Si l’on en croit les participants au DPNA, les attentes des populations portent essentiellement sur le bilan des événements post-électoraux, l’Etat de droit et la participation au processus de prise des décisions. Naturellement, ces exigences donnent lieu à une profusion de questions. Les populations peuvent-elles faire le deuil de leurs morts et disparus ou soigner leurs blessés sans enquête officielle ni mea culpa des pouvoirs publics ? Peuvent-elles s’engager sur la voie du pardon en ayant la conviction d’être face à une justice instrumentalisée ? Peuvent-elles croire en la justice tout en accusant les magistrats de servir des intérêts privées et particuliers ? Peuvent-elles donner une chance à la réconciliation nationale sans garantie de non-répétition ? Peuvent-elles croire en la non-répétition en étant convaincues de devoir subir une armée partisane ? Peuvent-elles se sentir en sécurité avec cette armée ? De tout cela, Ali Bongo n’a rien dit.

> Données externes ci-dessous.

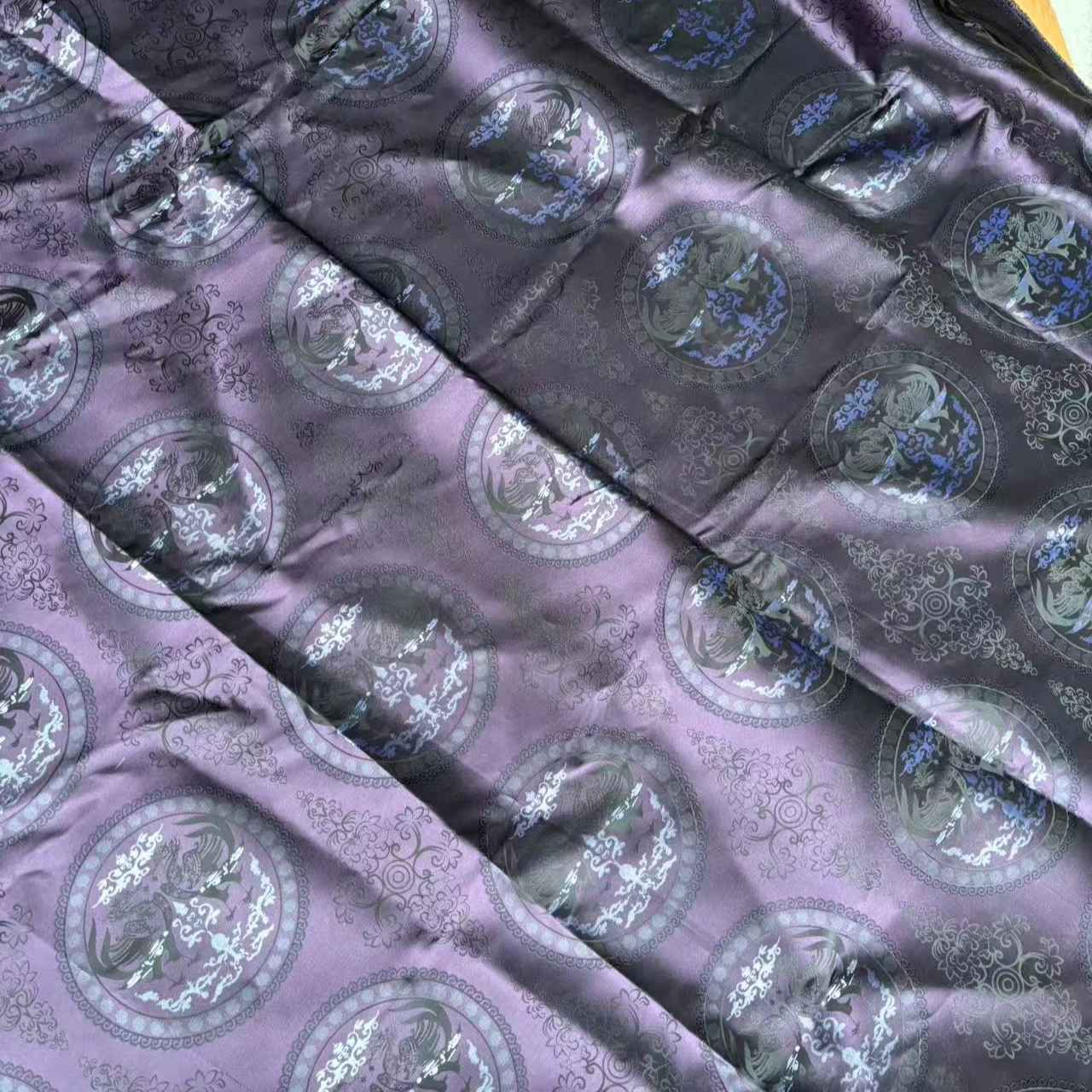 

Шелковая дорога династии Тан 7-го века, восстановленная ткань, групповое гнездо к фениксу, непрозрачная 100% шелковая парча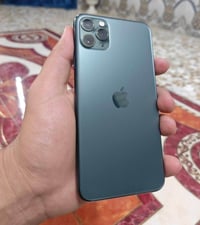 ايفون 11 برو ماكس • نظافه 100% • سماعه اصليه شاحن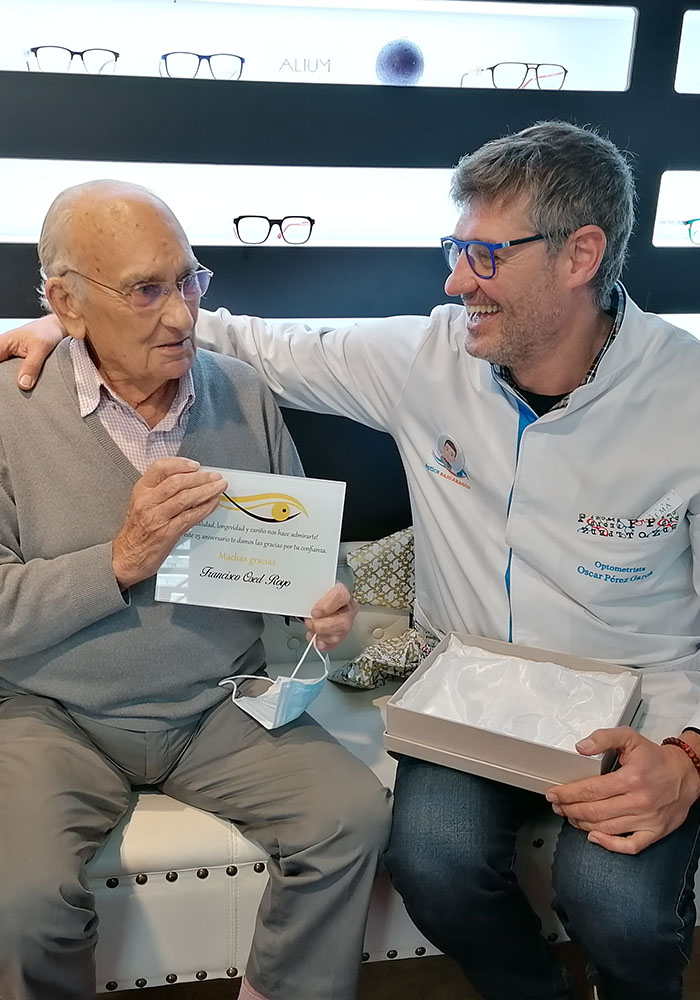 Paco Osed posa en la sede de Ópticas Bajo Aragón en Alcañiz junto a Óscar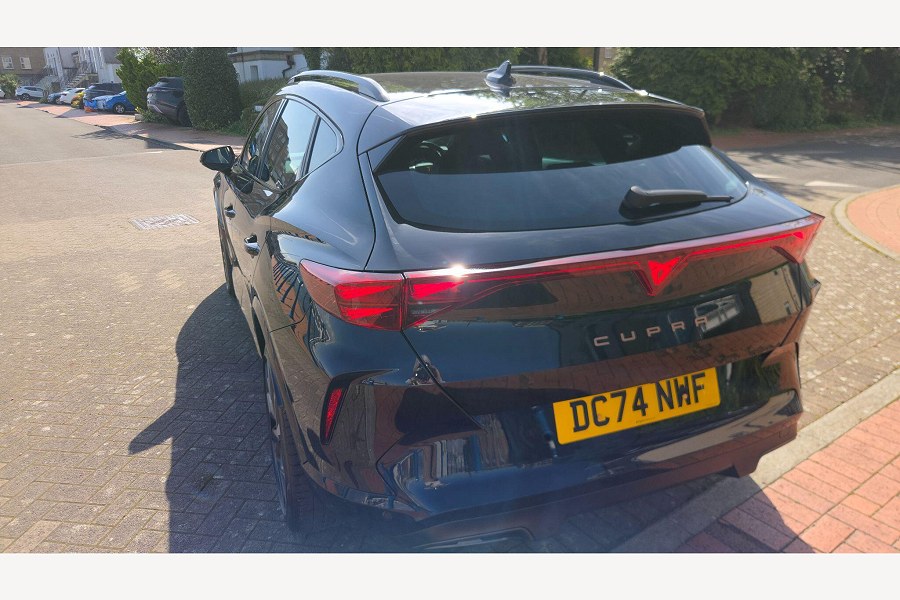 2025 CUPRA Formentor photo 12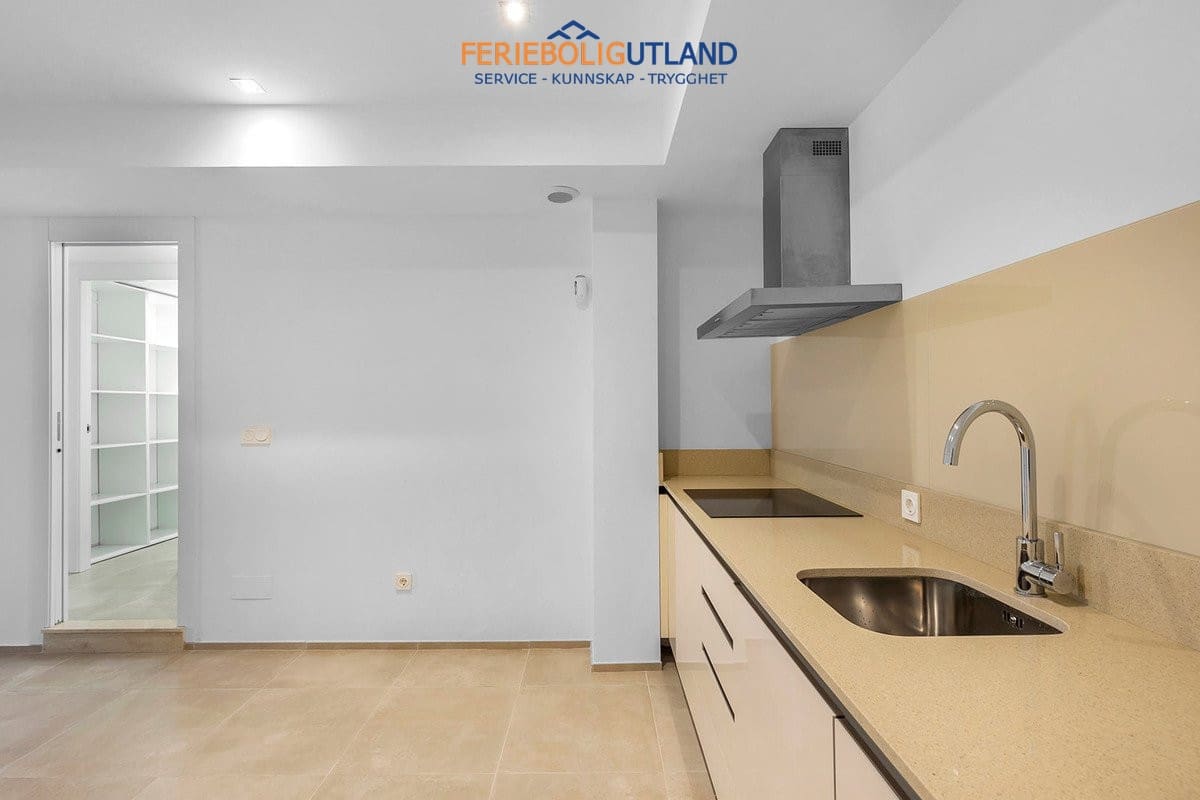 5 sovrum Villa till salu i La Zenia med pool - 895 000 € (Ref: 10001132)
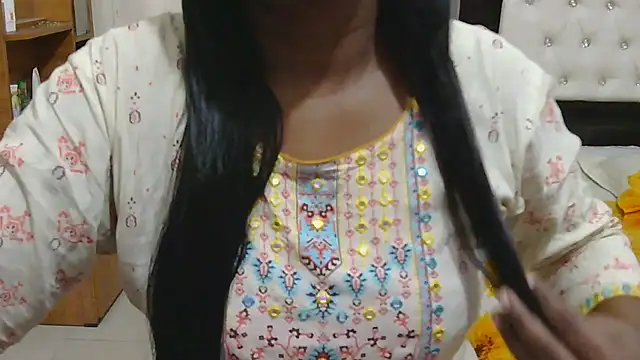 esita 1212 online show from 23, 10, 2025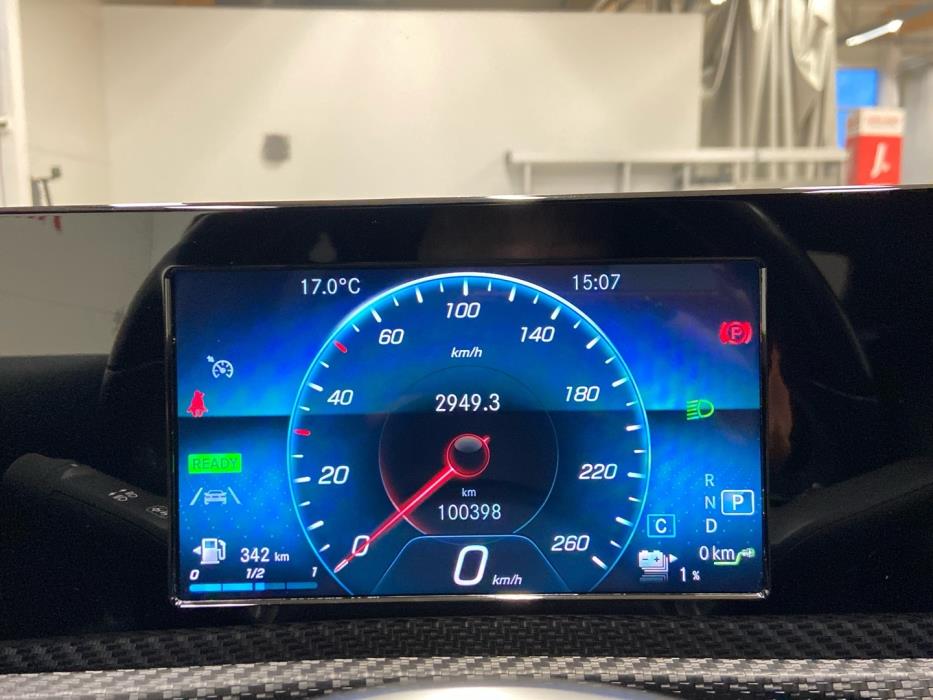 MERCEDES-BENZ A 2021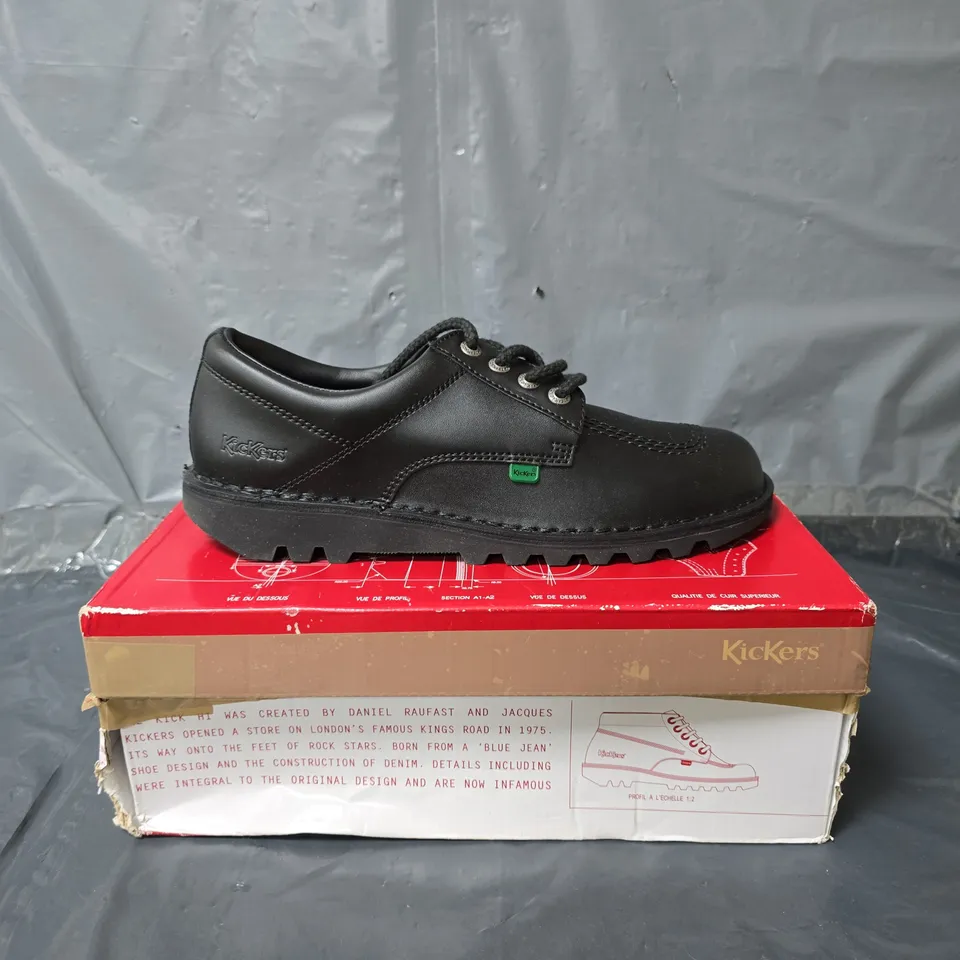 KICKERS LACE UP SHOES - BLACK - SIZE 42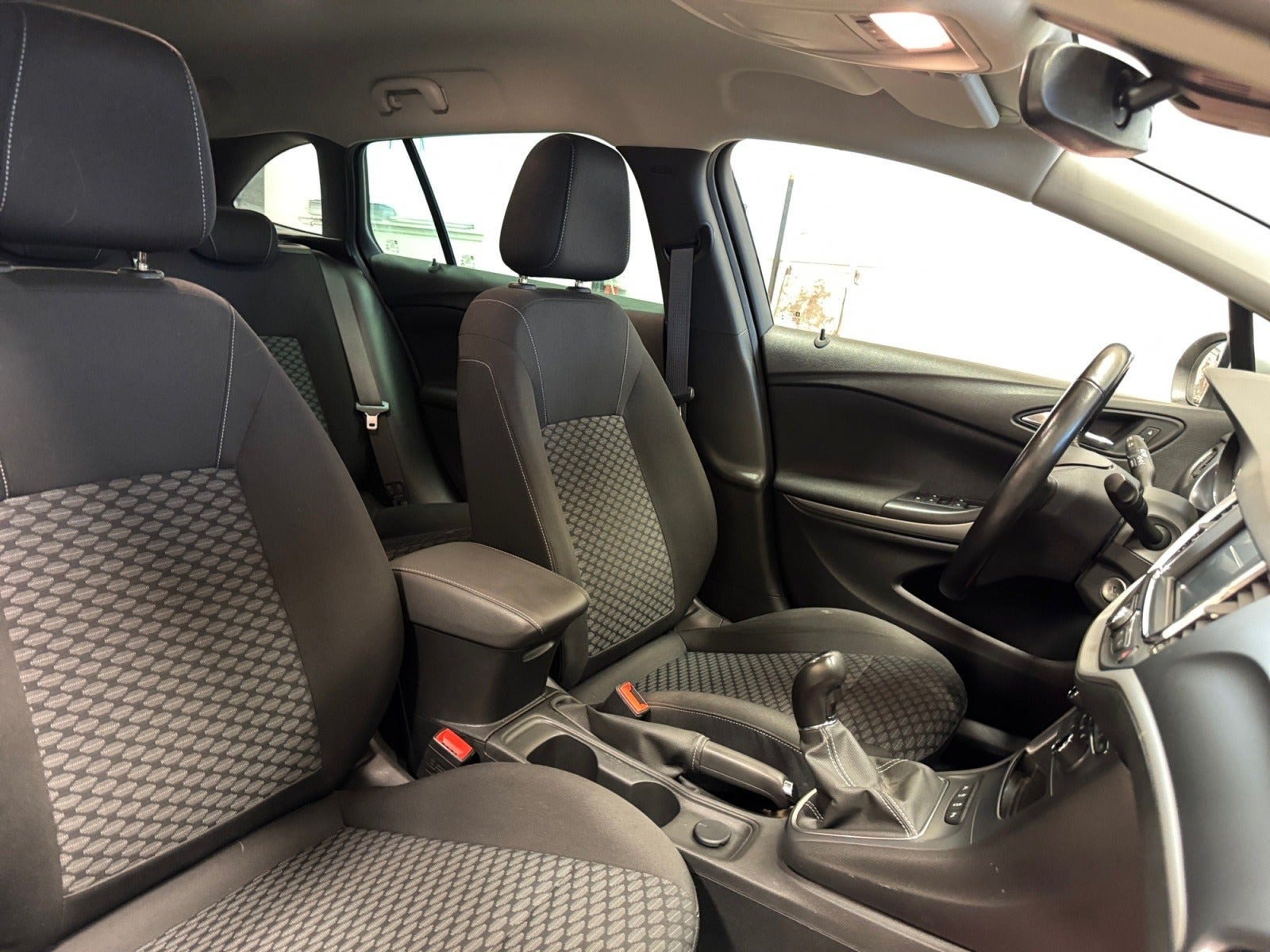 Sølv Opel Astra fra 2019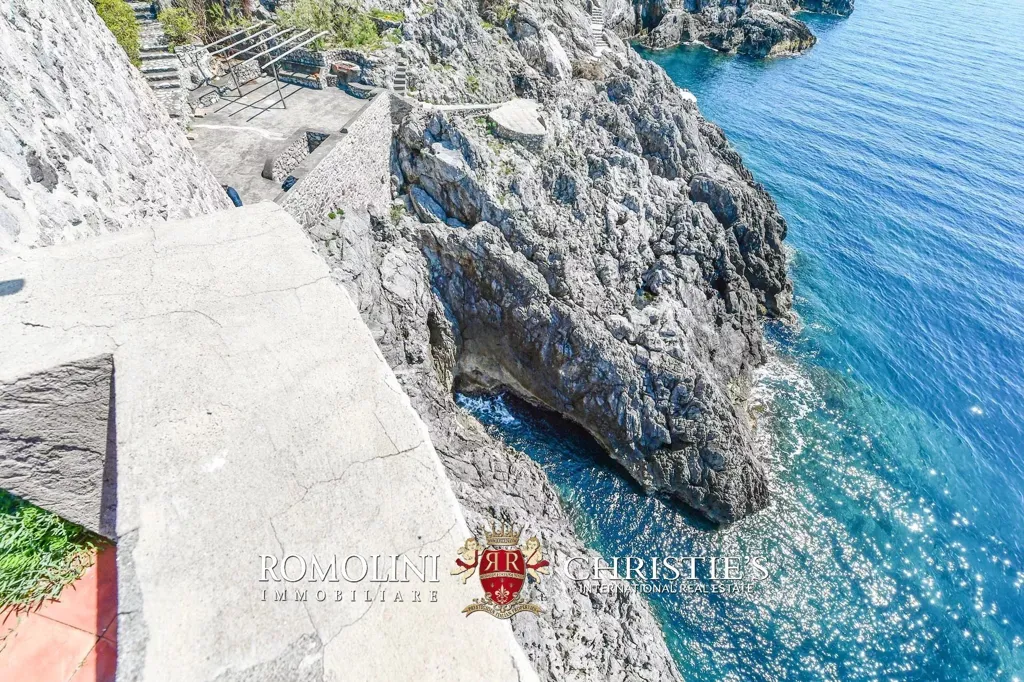 Terrass - Waterfront Villa with Sea Access on Amalfi Coast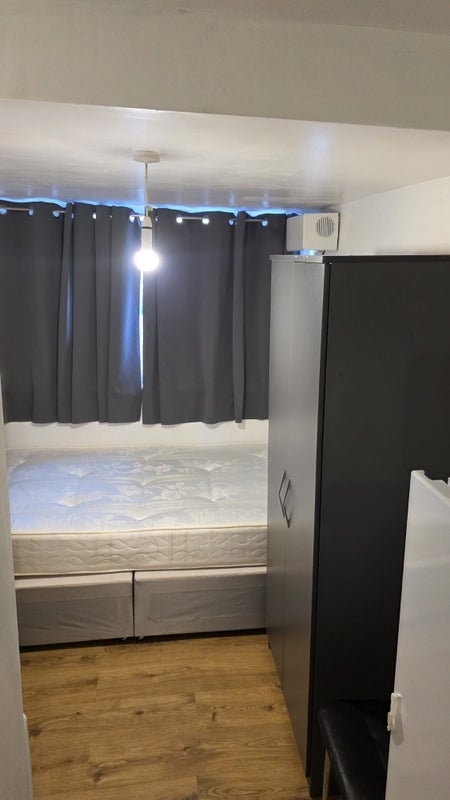 Room Illingworth Close in Greater London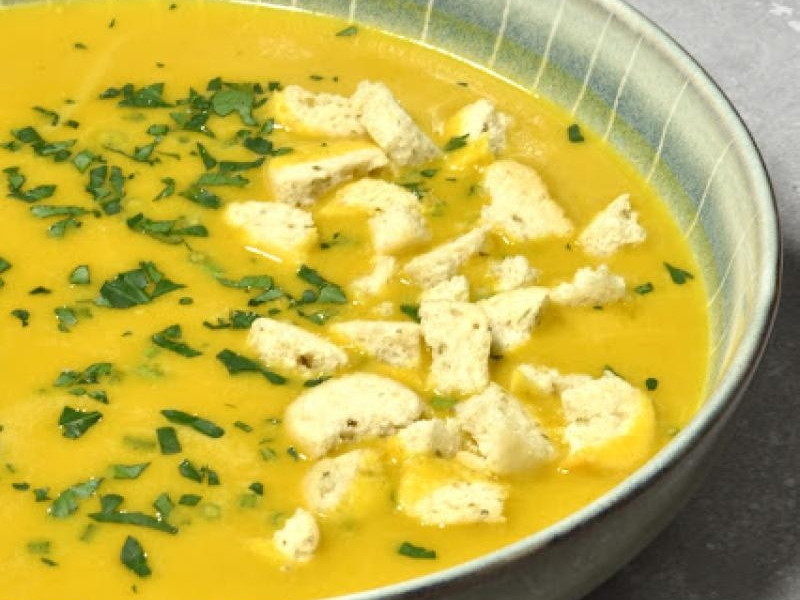 Krem z dyni i curry na mleku kokosowym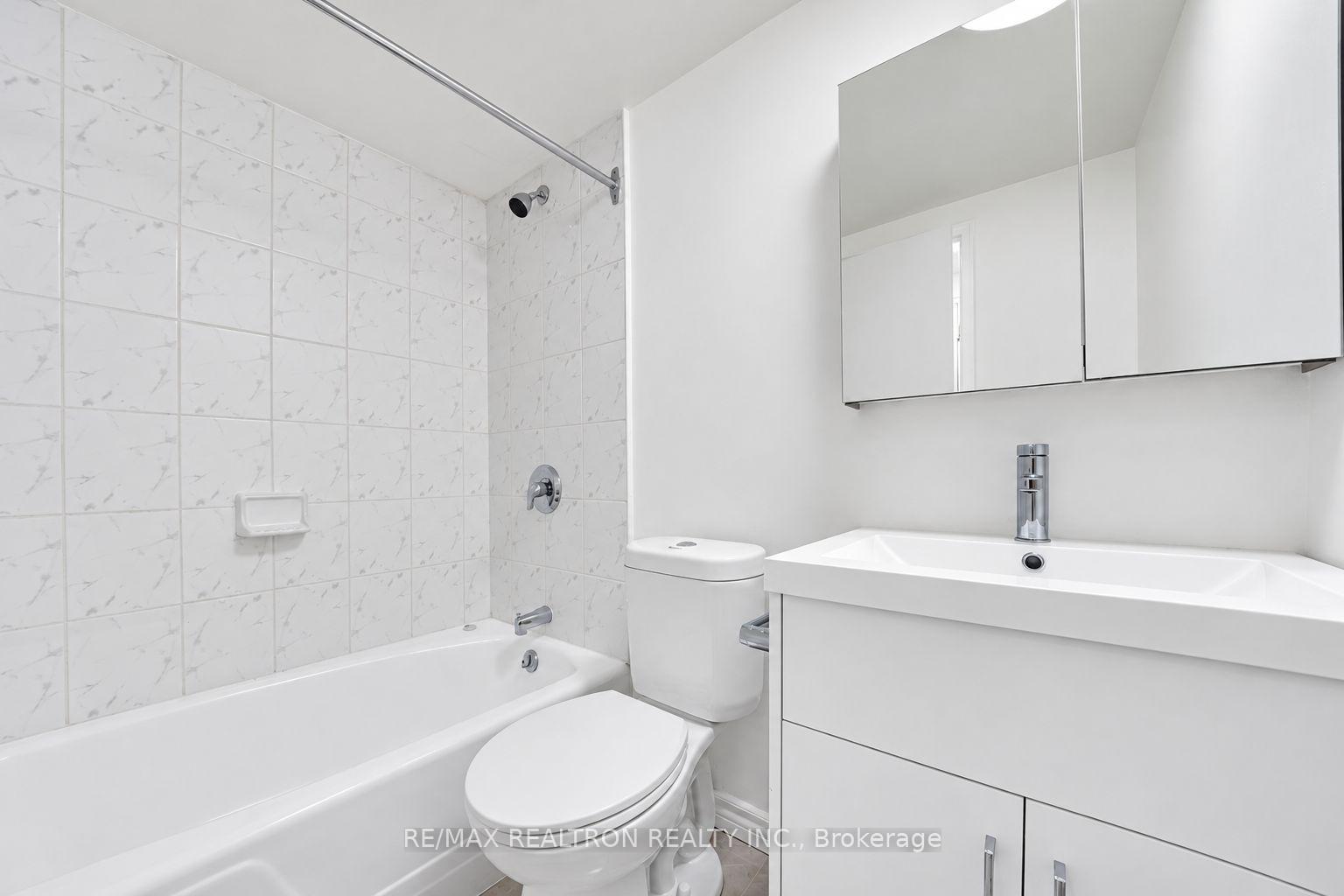 Photo 12 of Unit 1104, 9 Deer Park Crescent, Toronto, Yonge-St. Clair — HOMEH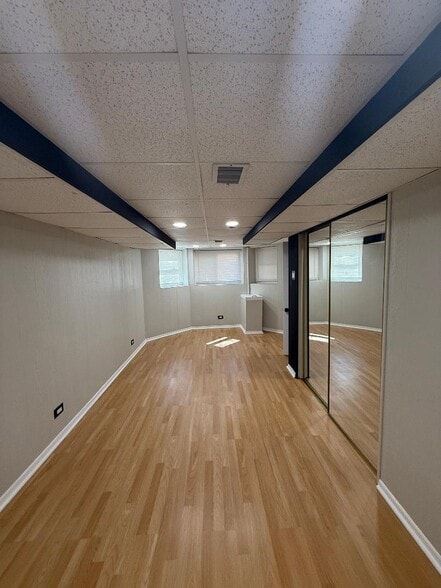 Building Photo - 4523 N Keokuk Ave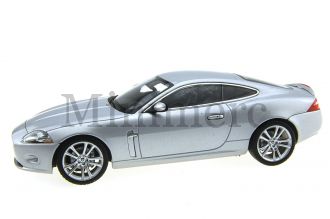 Jaguar XK Coupe Scale Model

Il aurait pourtant pu envoyer des signaux. Il aurait dû donner des gages de sa volonté de sortir de la situation actuelle dans l’intérêt de tous. Ayant pris le parti de justifier la crise actuelle par des facteurs exogènes, il a aussi choisi de couper son initiative des attentes populaires. Peut-elle être porteuse dans un tel contexte ? On demande à voir… En s’absolvant de toute responsabilité, en refusant de regarder la réalité en face, le président de la République laisse à chacun le loisir de jouer la carte de l’intransigeance et de la politique politicienne, au péril du vivre ensemble.